Pictures aside, return every line below exactly as written.

═══ Records for this task ═══

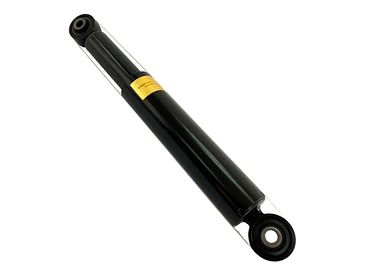 Par Amortiguador Traseros Para Grand Vitara 1.6 2.0 2006-15 3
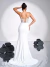 Vestido de Festa Modelo Ana Ref 11989 - loja online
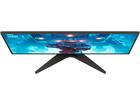 AOC AGON B3 Q27B36X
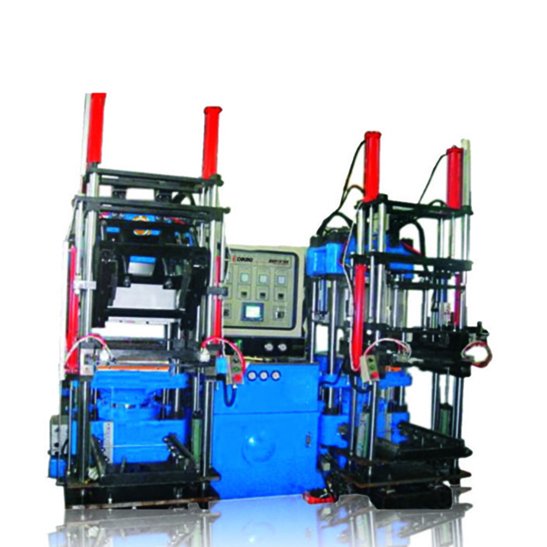 前頂翻拍板5RT真空機(jī)型高配版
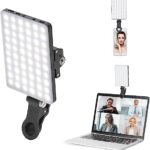 Gen Z Influencer Led Light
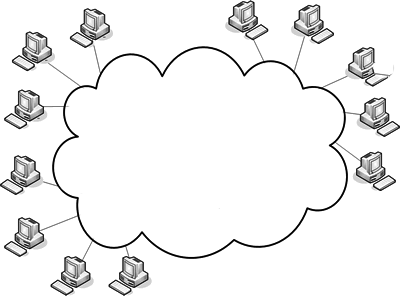 400x296 Sy110 Networking Nuts Amp Bolts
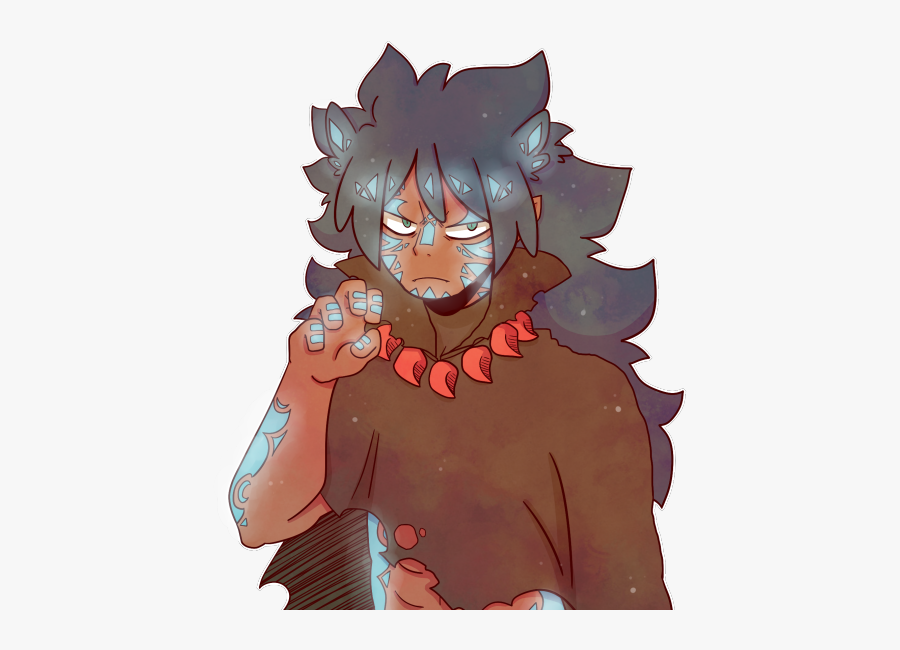 Image - Cartoon, Transparent Clipart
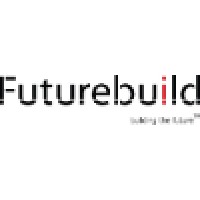 Futurebuild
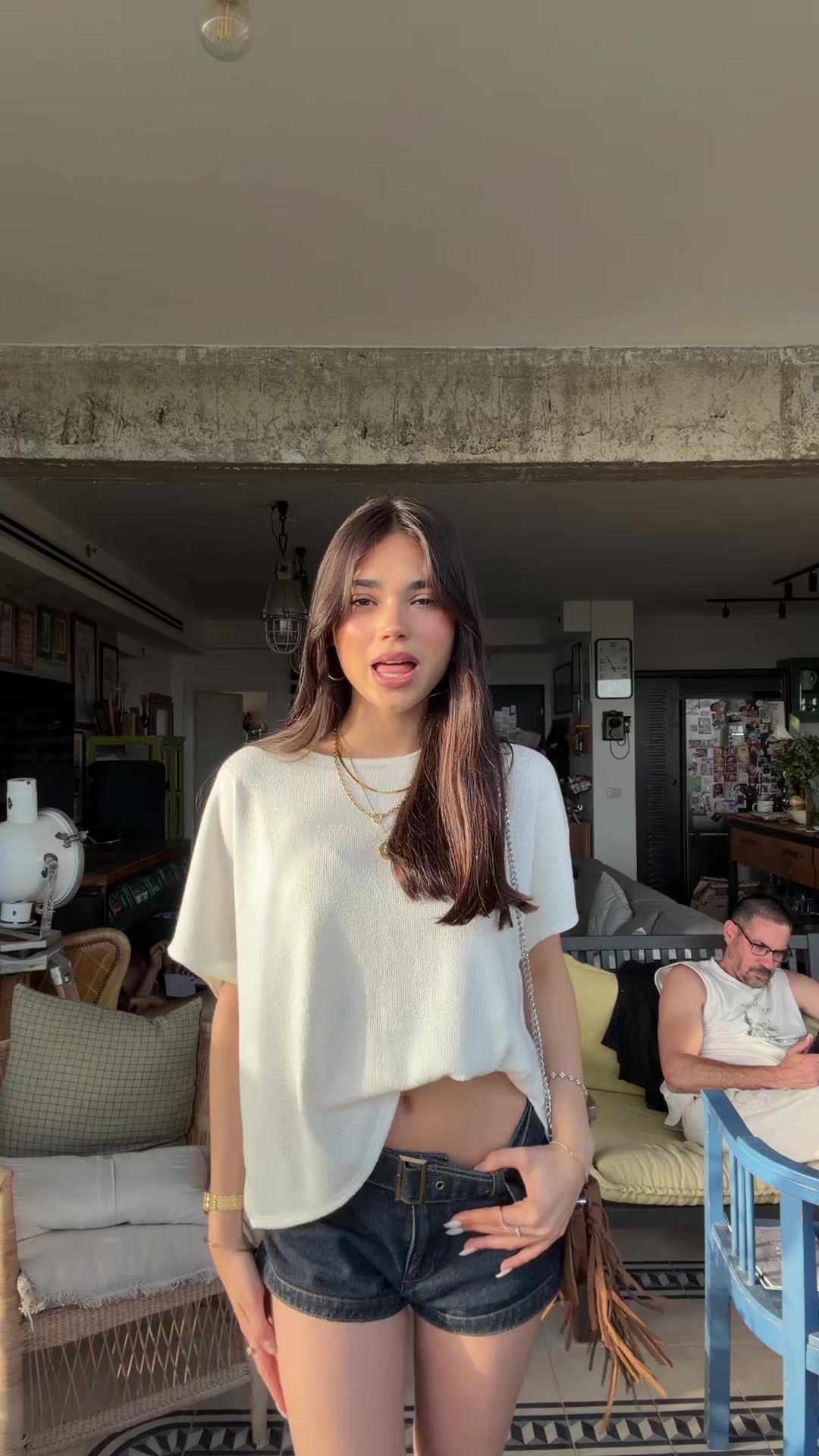 @Daria 🧌🫃🏿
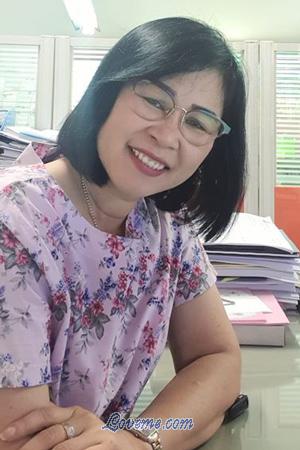 192096 - Nantaka Alter: 59 - Thailand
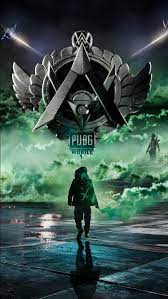 29 Pubg Iphone Wallpaper Download Ryan Wallpaper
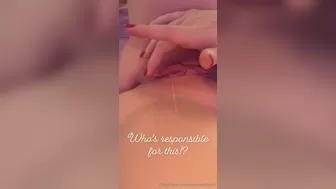 summerhart Exquisite Kral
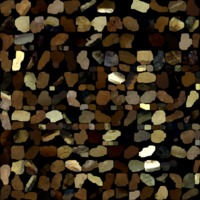 textured_material0007_map_Kd.png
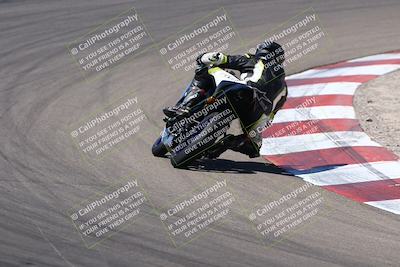 media/Apr-11-2025-Apex Assassins (Fri) [[160f9eab24]]/TD1/1130am (Turn 7)/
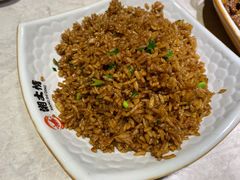 -豫见湘土情(工人路店)
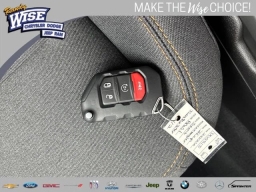 Jeep Wrangler Sport S 4 Door 4x4 2026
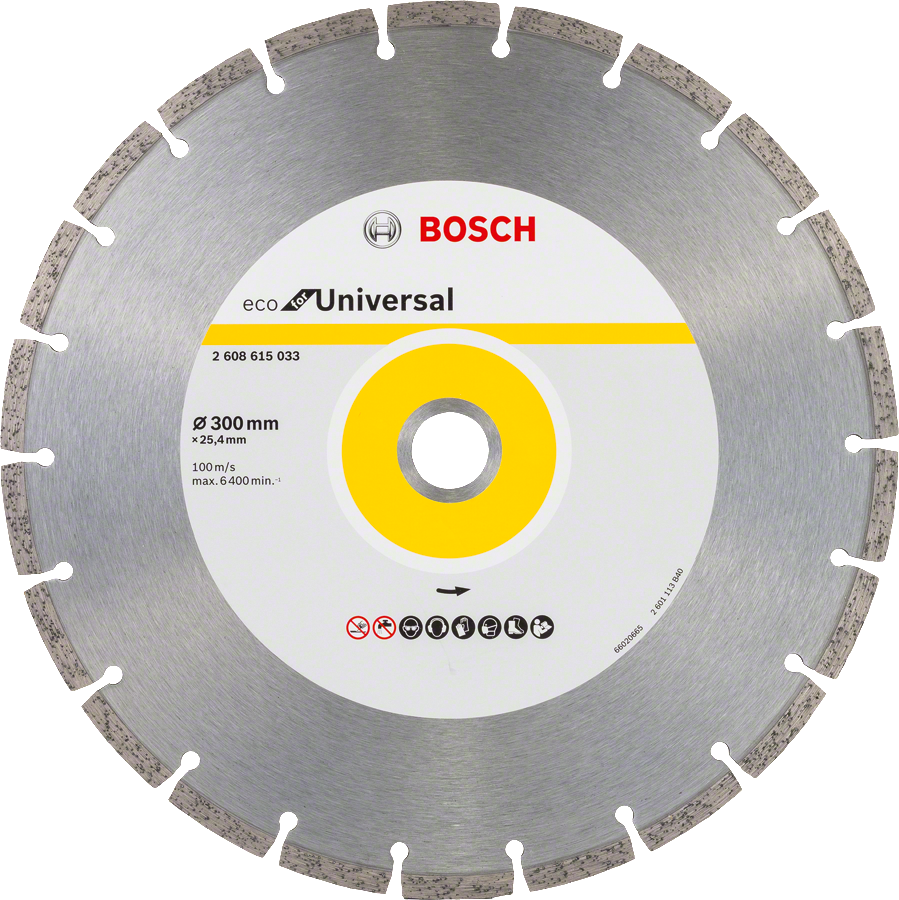 Object #200234210: 2608615033_bo_pro_u_f_1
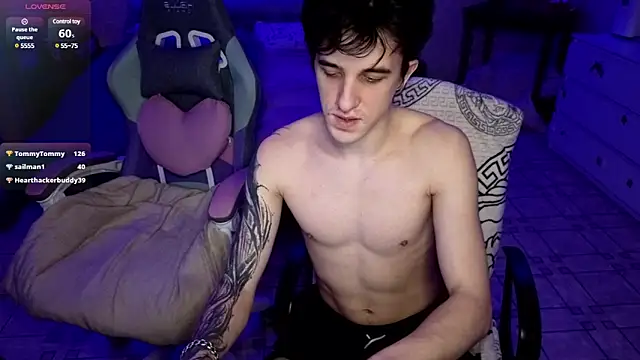 gopolsme online show from 18, 2, 2025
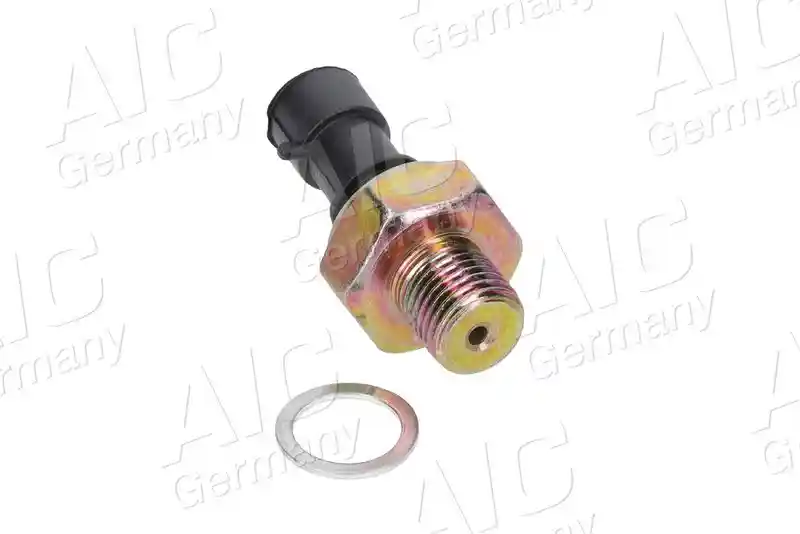 AIC 51620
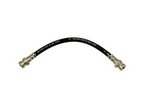 Dorman H381331 Brake Hydraulic Hose - Rear Left or Rear Right - view 2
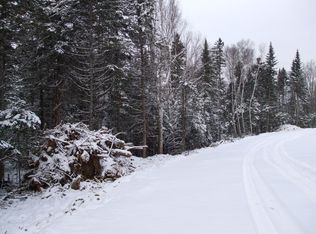 4 Main St, Rangeley, ME 04970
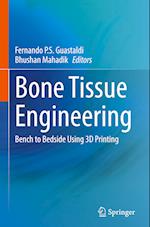 Bone Tissue Engineering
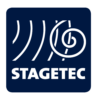 StageTec-Logo-szd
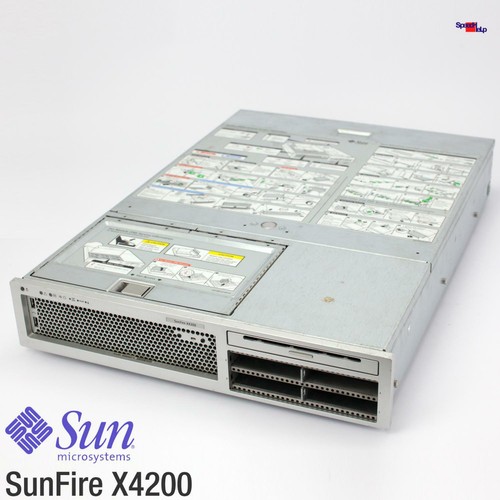48cm sun microsystems - 48cm,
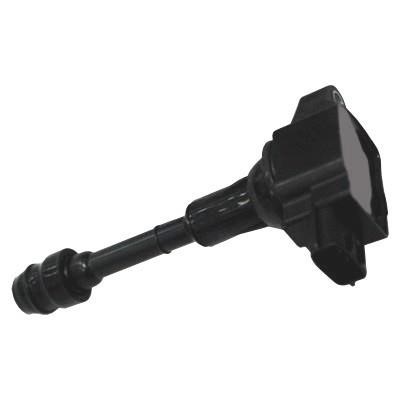 Wilmink Group WG1012446 Ignition coil WG1012446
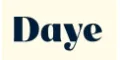 Daye Deals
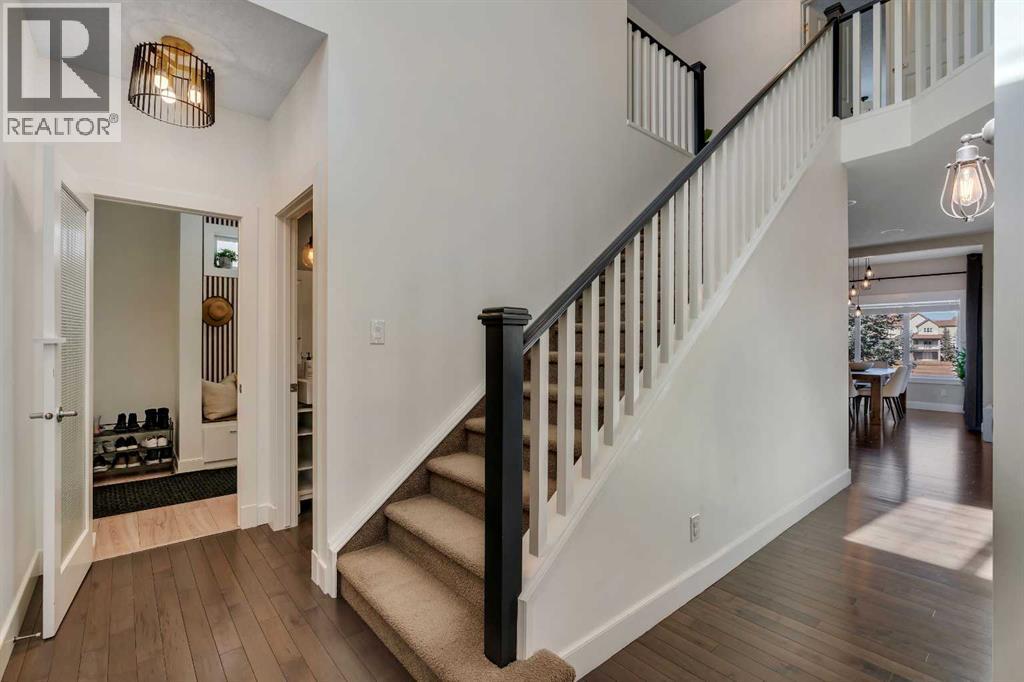 135 Copperleaf Crescent SE, Calgary, Alberta  T2Z 0C1 - Photo 21 - A2294854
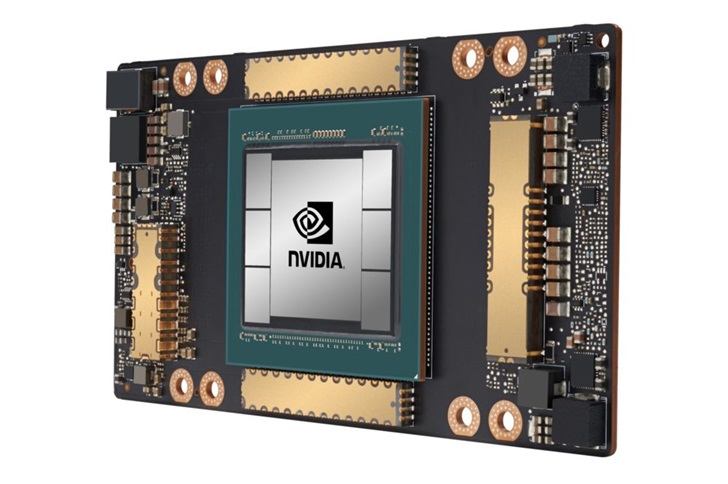 A100 GPU.jpg A100 GPU.jpg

═══

> **Solution**:
 Par Amortiguador Traseros Para Grand Vitara 1.6 2.0 2006-15 3
 Vestido de Festa Modelo Ana Ref 11989 - loja online
 AOC AGON B3 Q27B36X
 前頂翻拍板5RT真空機(jī)型高配版
 Gen Z Influencer Led Light
 400x296 Sy110 Networking Nuts Amp Bolts
 Image - Cartoon, Transparent Clipart
 Futurebuild
 @Daria 🧌🫃🏿
 192096 - Nantaka Alter: 59 - Thailand
 29 Pubg Iphone Wallpaper Download Ryan Wallpaper
 summerhart Exquisite Kral
 textured_material0007_map_Kd.png
 media/Apr-11-2025-Apex Assassins (Fri) [[160f9eab24]]/TD1/1130am (Turn 7)/
 -豫见湘土情(工人路店)
 Jeep Wrangler Sport S 4 Door 4x4 2026
 Object #200234210: 2608615033_bo_pro_u_f_1
 gopolsme online show from 18, 2, 2025
 AIC 51620
 Dorman H381331 Brake Hydraulic Hose - Rear Left or Rear Right - view 2
 4 Main St, Rangeley, ME 04970
 Bone Tissue Engineering
 StageTec-Logo-szd
48cm sun microsystems - 48cm,
 Wilmink Group WG1012446 Ignition coil WG1012446
 Daye Deals
 135 Copperleaf Crescent SE, Calgary, Alberta  T2Z 0C1 - Photo 21 - A2294854
 A100 GPU.jpg A100 GPU.jpg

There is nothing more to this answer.